A new report from the Pew Research Center suggests that less financially secure people tend to vote for Democrats. But they're also substantially less likely to vote:
The study breaks the American public into five groups, from most to least secure, based on a variety of factors — the usage of means-tested benefits like SNAP and the ability to pay bills on time, for example. The survey results, collected in the run-up to the 2014 midterm elections, show that only 20 percent of the least financially secure Americans are likely voters. In the most secure group, by contrast, 63 percent are likely voters.
Why poor people don't show up at the polls
That poorer Americans vote in smaller numbers than richer Americans is well-established fact, and that trend has also until recently been accelerating. A 2009 study from researchers at the University of Minnesota found that voting turnout rates had fallen off faster for the poorer Americans than for wealthier people.

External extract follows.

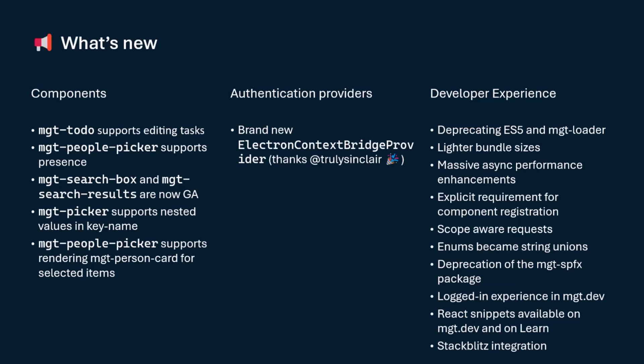We're going to bring lighter bundle sizes. So now, every single time you're going to use a Toolkit, we're going to bundle just what you're using. If you're not using the person card, we will not be bundling it for you. So all the bundle size, either in React or using the web components, will be super lighter. We're making massive async performance enhancements because we have been upgrading our base framework called Lit to the latest version, and we're taking advantage of a lot of their work. So really cool stuff there.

There are a lot of ways to explain why the poorest Americans aren't voting. One common explanation is that they can't get away from their jobs to go to the polls. Higher incarceration rates may also factor into this, not to mention lower unionization rates. Less organization could mean many workers have lost an important connection to what's going on in politics, as Lee Drutman wrote in an excellent 2009 article for the Pacific Standard.
The ideological divide between comfortable and struggling
Lower political participation by any demographic group means politicians will pay less attention to things that group cares about. And for the most struggling Americans, that's troubling. For example, the least secure Americans are far more likely to support government benefits and sympathize with their recipients. The most secure Americans, by contrast, are more likely to say that poor people "have it easy" because of government benefits.

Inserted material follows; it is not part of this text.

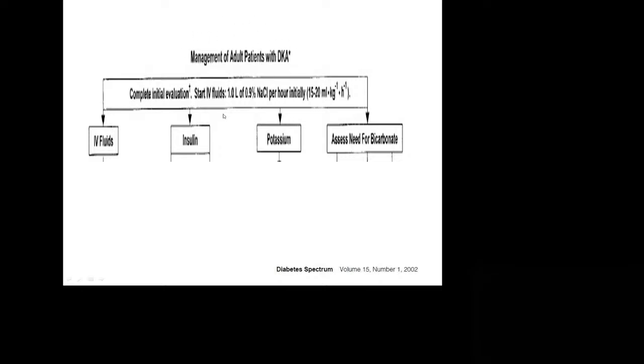The management starts with initial evaluation and IV fluids — 1 liter of 0.9% sodium chloride per hour, that is 15 to 20 ml per kg. For a 50 kg patient this is 1 liter per hour. For at least 6 to 7 hours we give 6 to 7 liters; initially we give 8 to 10 liters at this rate. The principles are IV fluids, insulin, potassium, and the need for bicarbonates — the last being controversial.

Less secure Americans also have more liberal views in a couple more economic areas — they're less likely to think American corporations make "fair and reasonable" profits, and they're to an extent bigger fans of government, saying it "does a better job than people give it credit for."

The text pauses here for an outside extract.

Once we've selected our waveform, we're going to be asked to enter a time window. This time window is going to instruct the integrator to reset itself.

Immigration is the outlier
Pew finds there's only one area in which the most financially unstable Americans veer further right than the most stable ones: the economic impact of immigration.
It's only one issue, and it's been relatively minor in past elections. But with President Obama's recent executive order and the border crisis earlier this year, immigration is poised to play an unusually big role in the upcoming presidential campaign, and it may be one area for Republicans to pick up some of America's less financially stable voters.